**TRY IT**
Leave the pictures out and give every entry again exactly.

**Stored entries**
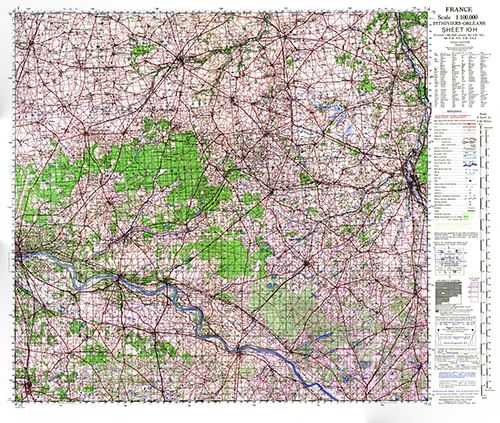 GSGS 4249 1:100,000 Pithiviers Orleans 10H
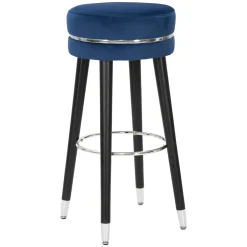 Sgabelli > Dmora Sgabello blu Argento Rivestimento in Velluto Imbottito 35x35x74h cm, Colore Seduta blu - Bran Argento, Blu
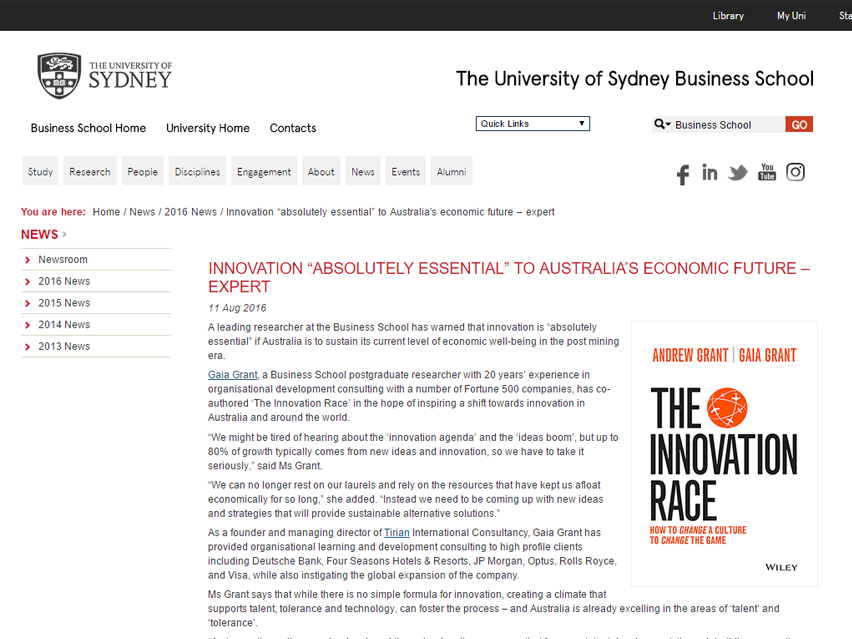 The University of Sydney Business School: Innovation “absolutely Essential” To Australia's Economic Future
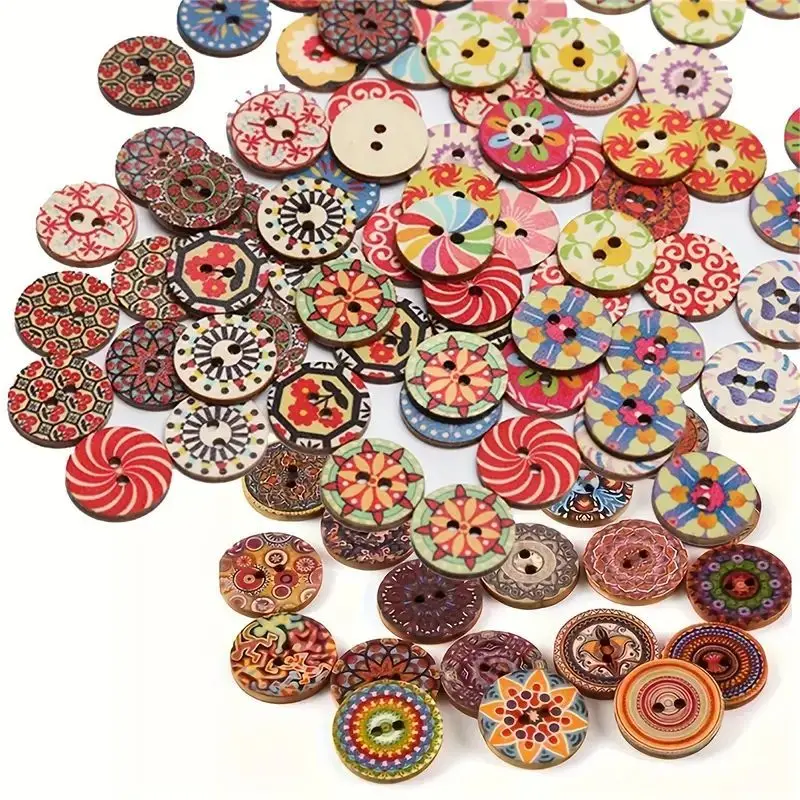 100pcs, 20mm Vintage Wooden Buttons Colorful Painted Craft Wood Decorative Buttons DIY Sewing For Decorative, Sewing Crafts DIY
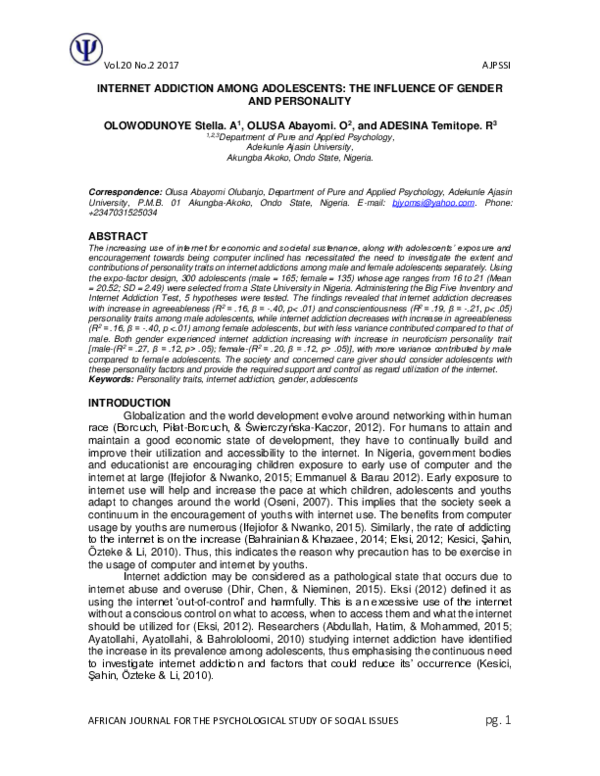 (PDF) Internet Addiction Among Adolescents: The Influence of Gender and ...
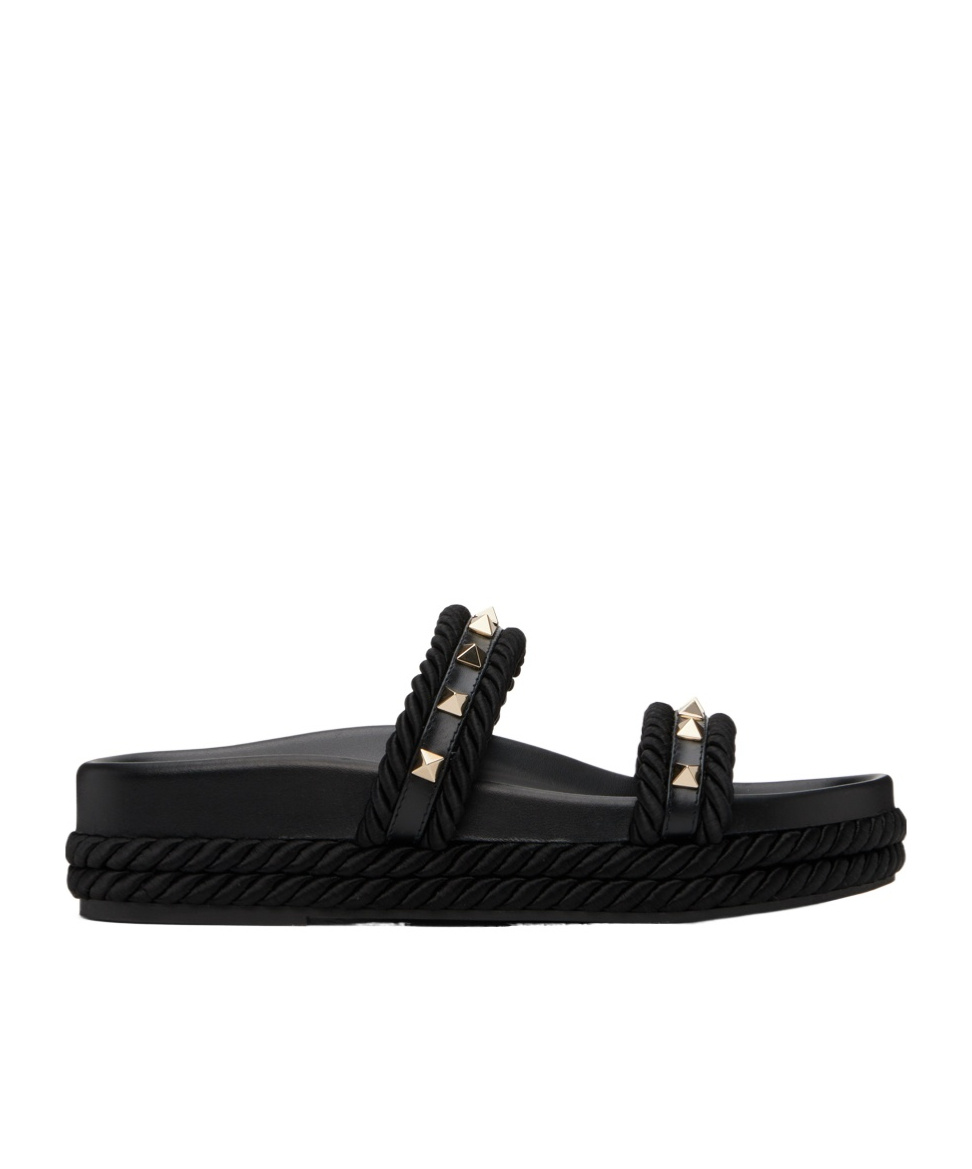 Valentino Womens Black Rockstud Leather Espadrille Sandals In Black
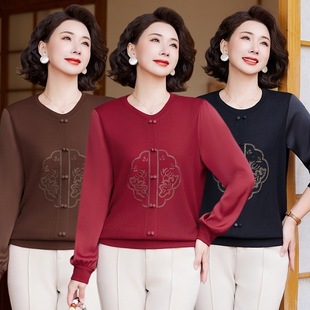 Middle-aged mother spring top western-style bottoming shirt 2025 new middle-aged and elderly women's spring and summer casual T-shirt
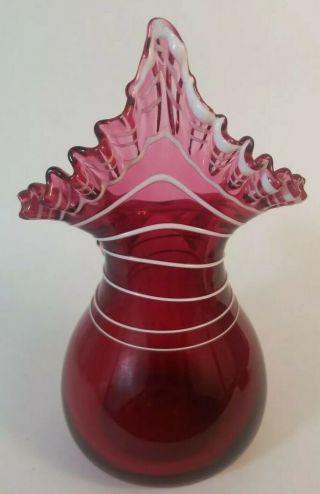 Vintage Glass Jack In The Pulpit Cranberry Vase Swirl Crimping 7 " T Fenton Murano
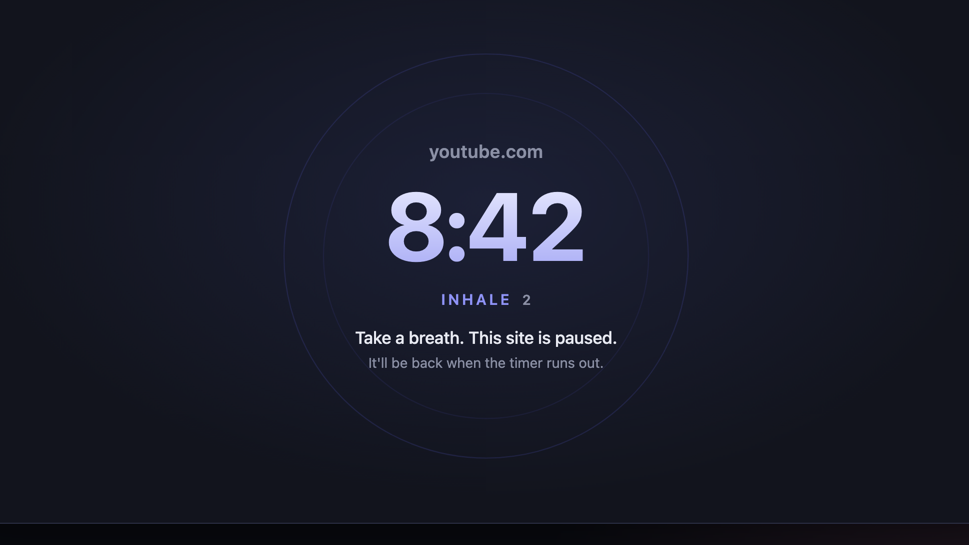 Block Site: the blocked-site page showing youtube.com paused with an 8:42 countdown and a breathing ring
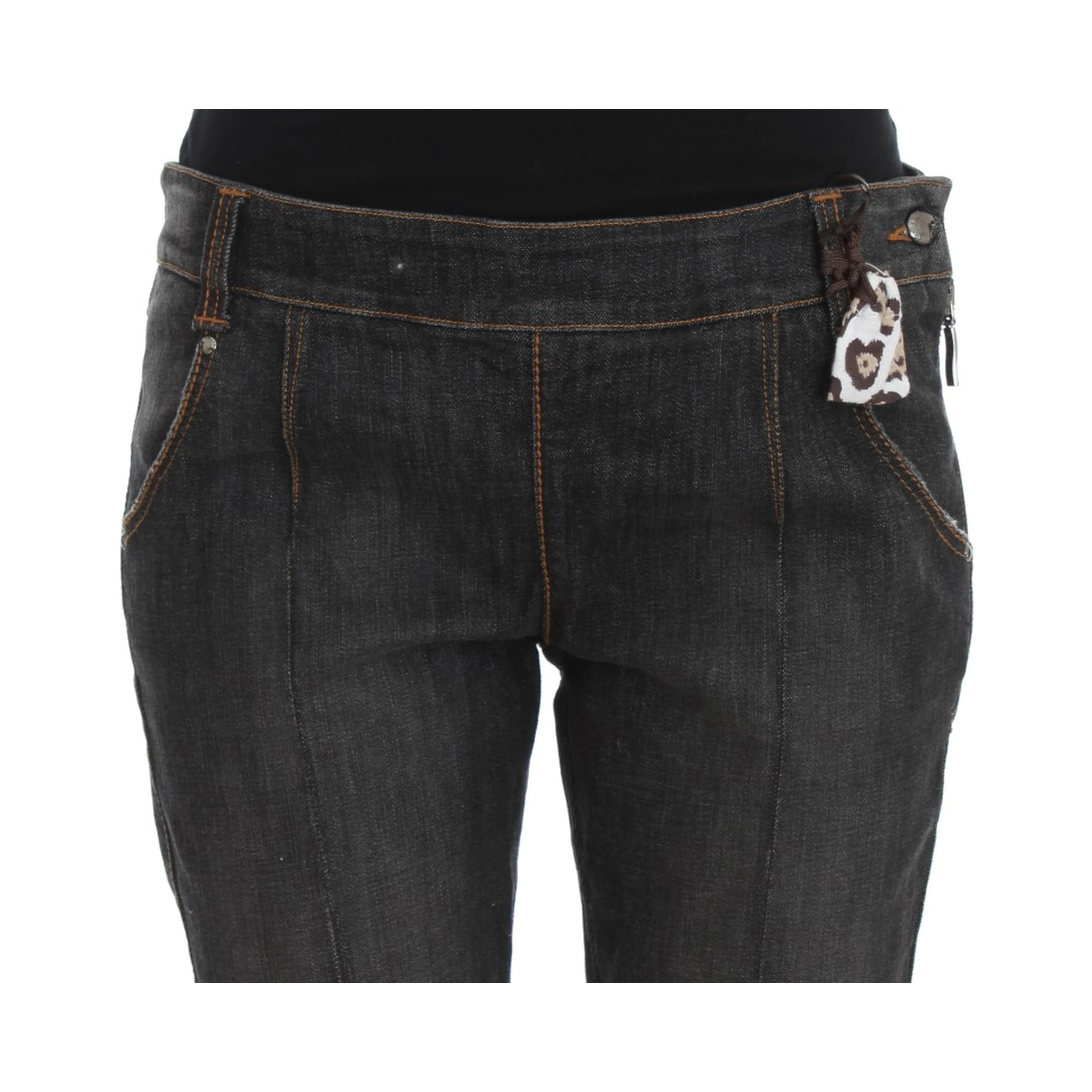 Gray Cotton Slim Fit Denim Jeans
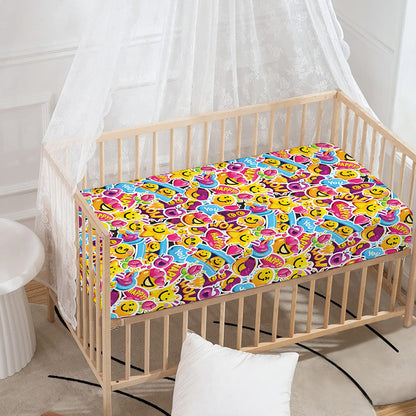 Smiley Faces Emoji Pattern Print Baby Crib Sheet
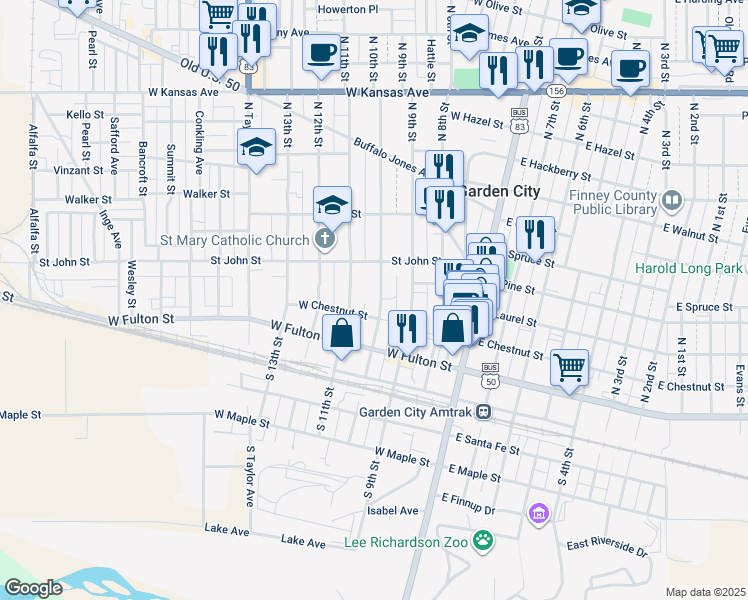 map of restaurants, bars, coffee shops, grocery stores, and more near 307 North 10th Street in Garden City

**ANSWER BOX**
 GSGS 4249 1:100,000 Pithiviers Orleans 10H
 Sgabelli > Dmora Sgabello blu Argento Rivestimento in Velluto Imbottito 35x35x74h cm, Colore Seduta blu - Bran Argento, Blu
 The University of Sydney Business School: Innovation “absolutely Essential” To Australia's Economic Future
 100pcs, 20mm Vintage Wooden Buttons Colorful Painted Craft Wood Decorative Buttons DIY Sewing For Decorative, Sewing Crafts DIY
 (PDF) Internet Addiction Among Adolescents: The Influence of Gender and ...
 Valentino Womens Black Rockstud Leather Espadrille Sandals In Black
 Middle-aged mother spring top western-style bottoming shirt 2025 new middle-aged and elderly women's spring and summer casual T-shirt
 Vintage Glass Jack In The Pulpit Cranberry Vase Swirl Crimping 7 " T Fenton Murano
 Block Site: the blocked-site page showing youtube.com paused with an 8:42 countdown and a breathing ring
 Gray Cotton Slim Fit Denim Jeans
 Smiley Faces Emoji Pattern Print Baby Crib Sheet
 map of restaurants, bars, coffee shops, grocery stores, and more near 307 North 10th Street in Garden City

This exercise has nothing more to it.